[EXERCISE AIM]
The data below is to be repeated in full, exactly as shown.

◆ ◆ ◆ ◆ ◆

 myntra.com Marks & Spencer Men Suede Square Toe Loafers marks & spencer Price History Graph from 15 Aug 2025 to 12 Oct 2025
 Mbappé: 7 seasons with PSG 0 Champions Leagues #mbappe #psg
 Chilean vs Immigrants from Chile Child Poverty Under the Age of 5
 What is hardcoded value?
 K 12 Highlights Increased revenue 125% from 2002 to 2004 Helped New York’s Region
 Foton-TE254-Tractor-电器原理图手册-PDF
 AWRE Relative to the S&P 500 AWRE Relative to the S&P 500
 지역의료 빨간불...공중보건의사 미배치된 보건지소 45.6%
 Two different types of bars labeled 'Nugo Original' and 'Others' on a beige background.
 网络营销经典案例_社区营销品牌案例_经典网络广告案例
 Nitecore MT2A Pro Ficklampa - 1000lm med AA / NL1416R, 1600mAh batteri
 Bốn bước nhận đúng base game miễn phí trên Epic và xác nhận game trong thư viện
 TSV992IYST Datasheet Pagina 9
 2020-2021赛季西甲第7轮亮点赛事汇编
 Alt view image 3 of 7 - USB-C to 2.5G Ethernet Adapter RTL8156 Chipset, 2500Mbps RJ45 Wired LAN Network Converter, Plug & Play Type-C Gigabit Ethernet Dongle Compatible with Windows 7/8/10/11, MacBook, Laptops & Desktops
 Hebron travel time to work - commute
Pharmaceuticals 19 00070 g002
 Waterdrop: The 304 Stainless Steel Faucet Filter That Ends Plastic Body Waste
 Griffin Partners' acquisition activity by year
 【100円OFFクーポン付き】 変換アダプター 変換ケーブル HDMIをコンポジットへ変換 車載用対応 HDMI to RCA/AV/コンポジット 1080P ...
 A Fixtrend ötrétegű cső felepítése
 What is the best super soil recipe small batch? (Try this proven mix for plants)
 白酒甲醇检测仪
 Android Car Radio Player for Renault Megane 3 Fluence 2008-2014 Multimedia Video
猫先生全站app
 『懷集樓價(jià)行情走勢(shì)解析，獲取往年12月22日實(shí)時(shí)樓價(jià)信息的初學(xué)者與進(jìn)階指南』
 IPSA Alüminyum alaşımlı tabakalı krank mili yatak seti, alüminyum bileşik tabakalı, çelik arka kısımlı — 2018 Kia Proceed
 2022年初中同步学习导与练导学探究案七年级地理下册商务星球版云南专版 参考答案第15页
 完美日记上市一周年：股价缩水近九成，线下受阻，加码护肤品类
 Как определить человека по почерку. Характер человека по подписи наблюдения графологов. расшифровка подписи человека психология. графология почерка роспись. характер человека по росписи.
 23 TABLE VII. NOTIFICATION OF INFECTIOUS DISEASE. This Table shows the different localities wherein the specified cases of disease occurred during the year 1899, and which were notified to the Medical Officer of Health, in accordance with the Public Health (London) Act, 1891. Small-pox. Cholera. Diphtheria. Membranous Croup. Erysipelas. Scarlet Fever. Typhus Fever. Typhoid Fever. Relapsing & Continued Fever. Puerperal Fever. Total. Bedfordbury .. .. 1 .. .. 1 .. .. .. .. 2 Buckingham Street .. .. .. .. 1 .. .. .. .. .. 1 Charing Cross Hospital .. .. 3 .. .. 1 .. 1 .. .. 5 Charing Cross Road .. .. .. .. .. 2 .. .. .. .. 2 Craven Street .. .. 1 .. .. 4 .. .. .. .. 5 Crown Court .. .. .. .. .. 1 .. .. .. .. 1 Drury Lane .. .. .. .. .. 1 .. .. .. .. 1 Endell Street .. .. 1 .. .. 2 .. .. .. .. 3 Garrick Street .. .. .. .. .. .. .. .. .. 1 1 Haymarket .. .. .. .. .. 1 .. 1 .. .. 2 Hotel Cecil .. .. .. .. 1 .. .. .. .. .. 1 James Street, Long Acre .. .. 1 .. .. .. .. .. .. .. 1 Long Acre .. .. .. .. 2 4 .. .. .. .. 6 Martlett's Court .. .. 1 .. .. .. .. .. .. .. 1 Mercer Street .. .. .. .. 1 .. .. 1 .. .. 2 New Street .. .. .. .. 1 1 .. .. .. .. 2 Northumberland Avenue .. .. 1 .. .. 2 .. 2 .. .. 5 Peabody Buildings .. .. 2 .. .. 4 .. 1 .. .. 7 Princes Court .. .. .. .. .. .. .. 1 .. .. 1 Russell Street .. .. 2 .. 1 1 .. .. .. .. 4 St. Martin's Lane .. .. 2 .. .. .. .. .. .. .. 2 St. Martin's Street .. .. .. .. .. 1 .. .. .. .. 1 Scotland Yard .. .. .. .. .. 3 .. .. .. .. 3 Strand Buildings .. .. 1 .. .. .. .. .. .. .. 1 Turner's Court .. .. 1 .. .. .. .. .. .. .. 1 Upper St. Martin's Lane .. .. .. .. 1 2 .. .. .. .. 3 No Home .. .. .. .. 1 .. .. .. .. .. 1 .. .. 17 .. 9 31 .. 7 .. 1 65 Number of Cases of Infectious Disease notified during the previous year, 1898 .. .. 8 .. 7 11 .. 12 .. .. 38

◆ ◆ ◆ ◆ ◆

[ANSWER BOX]
 myntra.com Marks & Spencer Men Suede Square Toe Loafers marks & spencer Price History Graph from 15 Aug 2025 to 12 Oct 2025
 Mbappé: 7 seasons with PSG 0 Champions Leagues #mbappe #psg
 Chilean vs Immigrants from Chile Child Poverty Under the Age of 5
 What is hardcoded value?
 K 12 Highlights Increased revenue 125% from 2002 to 2004 Helped New York’s Region
 Foton-TE254-Tractor-电器原理图手册-PDF
 AWRE Relative to the S&P 500 AWRE Relative to the S&P 500
 지역의료 빨간불...공중보건의사 미배치된 보건지소 45.6%
 Two different types of bars labeled 'Nugo Original' and 'Others' on a beige background.
 网络营销经典案例_社区营销品牌案例_经典网络广告案例
 Nitecore MT2A Pro Ficklampa - 1000lm med AA / NL1416R, 1600mAh batteri
 Bốn bước nhận đúng base game miễn phí trên Epic và xác nhận game trong thư viện
 TSV992IYST Datasheet Pagina 9
 2020-2021赛季西甲第7轮亮点赛事汇编
 Alt view image 3 of 7 - USB-C to 2.5G Ethernet Adapter RTL8156 Chipset, 2500Mbps RJ45 Wired LAN Network Converter, Plug & Play Type-C Gigabit Ethernet Dongle Compatible with Windows 7/8/10/11, MacBook, Laptops & Desktops
 Hebron travel time to work - commute
Pharmaceuticals 19 00070 g002
 Waterdrop: The 304 Stainless Steel Faucet Filter That Ends Plastic Body Waste
 Griffin Partners' acquisition activity by year
 【100円OFFクーポン付き】 変換アダプター 変換ケーブル HDMIをコンポジットへ変換 車載用対応 HDMI to RCA/AV/コンポジット 1080P ...
 A Fixtrend ötrétegű cső felepítése
 What is the best super soil recipe small batch? (Try this proven mix for plants)
 白酒甲醇检测仪
 Android Car Radio Player for Renault Megane 3 Fluence 2008-2014 Multimedia Video
猫先生全站app
 『懷集樓價(jià)行情走勢(shì)解析，獲取往年12月22日實(shí)時(shí)樓價(jià)信息的初學(xué)者與進(jìn)階指南』
 IPSA Alüminyum alaşımlı tabakalı krank mili yatak seti, alüminyum bileşik tabakalı, çelik arka kısımlı — 2018 Kia Proceed
 2022年初中同步学习导与练导学探究案七年级地理下册商务星球版云南专版 参考答案第15页
 完美日记上市一周年：股价缩水近九成，线下受阻，加码护肤品类
 Как определить человека по почерку. Характер человека по подписи наблюдения графологов. расшифровка подписи человека психология. графология почерка роспись. характер человека по росписи.
 23 TABLE VII. NOTIFICATION OF INFECTIOUS DISEASE. This Table shows the different localities wherein the specified cases of disease occurred during the year 1899, and which were notified to the Medical Officer of Health, in accordance with the Public Health (London) Act, 1891. Small-pox. Cholera. Diphtheria. Membranous Croup. Erysipelas. Scarlet Fever. Typhus Fever. Typhoid Fever. Relapsing & Continued Fever. Puerperal Fever. Total. Bedfordbury .. .. 1 .. .. 1 .. .. .. .. 2 Buckingham Street .. .. .. .. 1 .. .. .. .. .. 1 Charing Cross Hospital .. .. 3 .. .. 1 .. 1 .. .. 5 Charing Cross Road .. .. .. .. .. 2 .. .. .. .. 2 Craven Street .. .. 1 .. .. 4 .. .. .. .. 5 Crown Court .. .. .. .. .. 1 .. .. .. .. 1 Drury Lane .. .. .. .. .. 1 .. .. .. .. 1 Endell Street .. .. 1 .. .. 2 .. .. .. .. 3 Garrick Street .. .. .. .. .. .. .. .. .. 1 1 Haymarket .. .. .. .. .. 1 .. 1 .. .. 2 Hotel Cecil .. .. .. .. 1 .. .. .. .. .. 1 James Street, Long Acre .. .. 1 .. .. .. .. .. .. .. 1 Long Acre .. .. .. .. 2 4 .. .. .. .. 6 Martlett's Court .. .. 1 .. .. .. .. .. .. .. 1 Mercer Street .. .. .. .. 1 .. .. 1 .. .. 2 New Street .. .. .. .. 1 1 .. .. .. .. 2 Northumberland Avenue .. .. 1 .. .. 2 .. 2 .. .. 5 Peabody Buildings .. .. 2 .. .. 4 .. 1 .. .. 7 Princes Court .. .. .. .. .. .. .. 1 .. .. 1 Russell Street .. .. 2 .. 1 1 .. .. .. .. 4 St. Martin's Lane .. .. 2 .. .. .. .. .. .. .. 2 St. Martin's Street .. .. .. .. .. 1 .. .. .. .. 1 Scotland Yard .. .. .. .. .. 3 .. .. .. .. 3 Strand Buildings .. .. 1 .. .. .. .. .. .. .. 1 Turner's Court .. .. 1 .. .. .. .. .. .. .. 1 Upper St. Martin's Lane .. .. .. .. 1 2 .. .. .. .. 3 No Home .. .. .. .. 1 .. .. .. .. .. 1 .. .. 17 .. 9 31 .. 7 .. 1 65 Number of Cases of Infectious Disease notified during the previous year, 1898 .. .. 8 .. 7 11 .. 12 .. .. 38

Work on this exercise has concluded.